Not that he's actually read Tolkien's Lord of the Rings, mind you, but the movie, now that's a different matter! After all, didn't he once confess, "As a naturally lazy fellow I was always watching TV of an evening"? (Two bob's worth of life lessons, The Australian, 18/4/09)

But back to Sheridan's 'defence' of all things Anzac from the 'onslaught' of his imagined academic Forces of Darkness (funny how he doesn't name names), the mob he describes so colourfully as "gorged on grants, tenure, fellowships, faux academic prizes, subsidised centres and all the paraphernalia of the academic gravy train, beyond the wildest imaginings of any David Williamson satire... ":

"[T]here is... something wondrously ahistorical and ignorant about the standard line against the Australian efforts in World War I, whether at Gallipoli or on the Western Front or elsewhere. The proposition that Australia mindlessly, needlessly and foolishly followed Britain into World War I is completely wrong... Australia joined Britain in WW I for 4 reasons: just cause, empire solidarity, regional security interests and long-term maintenance of Australian security... But most importantly there was the question of Australia's long-term strategic self-interests. Australian leaders, and the population, understood correctly, that the British empire (and I write this as an Irish Australian who could not possibly have less sentimental attachment to the British crown) provided for Australian security, provided for Australian prosperity and to a large extent embodied Australian values."

Now I know that I'm a little off topic here, but Sheridan's retro-projection of his fantasies about the US-Australia alliance onto the circumstances of our involvement in WW I got me thinking. Should a man gorged on Israeli press junkets and pumped by a 'prize' for services to "the state of Israel and its ideologies" (Jerusalem Prize, 2007) be trusted with Australian (or any other) history? Were our Anzac volunteers really, as he asserts, primarily motivated by a clear belief that Australia's security was at stake (leaving aside, of course, whether that was in fact the case)? Or were their motivations more mundane?

Why not, I thought, consult one of those "tens of thousands of ordinary young men" who, according to Sheridan, "lived and died for something greater than themselves" at Gallipoli? Surely, the 'defender' of their day against the Gibbering Fantasists of the Academic Left wouldn't presume to take issue with their testimony?

OK then, why, for example, did Major Oliver Hogue (pen-name Trooper Bluegum) volunteer?

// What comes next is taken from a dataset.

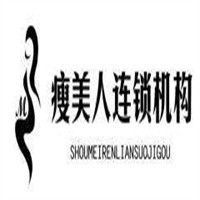 瘦美人美容養(yǎng)生會所加盟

Here's how he explained it in his 1916 book Love Letters of an Anzac. The following letter, his first, is dated September 17, 1914:

"My Dearest Jean, I've got news for you, Honeybunch... It's the biggest item of news which any young man can, in these stirring days, tell to his sweetheart. Aye, your own heart will have told you. I'm a soldier of the King! I write it proudly: I could do nothing other than enlist.

"This is going to be a big war, a long war, the greatest war this old world has ever seen. Within a year the streets of Sydney will be placarded with big posters, 'Your Country needs you.' I don't want to go to war as the result of the importunity of Kitchener. I don't want my friends to point their fingers at me and say, 'Why don't you go?' Most of all, darling, I don't want you to lift your lovely blue eyes to mine, wondering if I will play the man. I want you to feel and know that when the Empire called, your MAN answered...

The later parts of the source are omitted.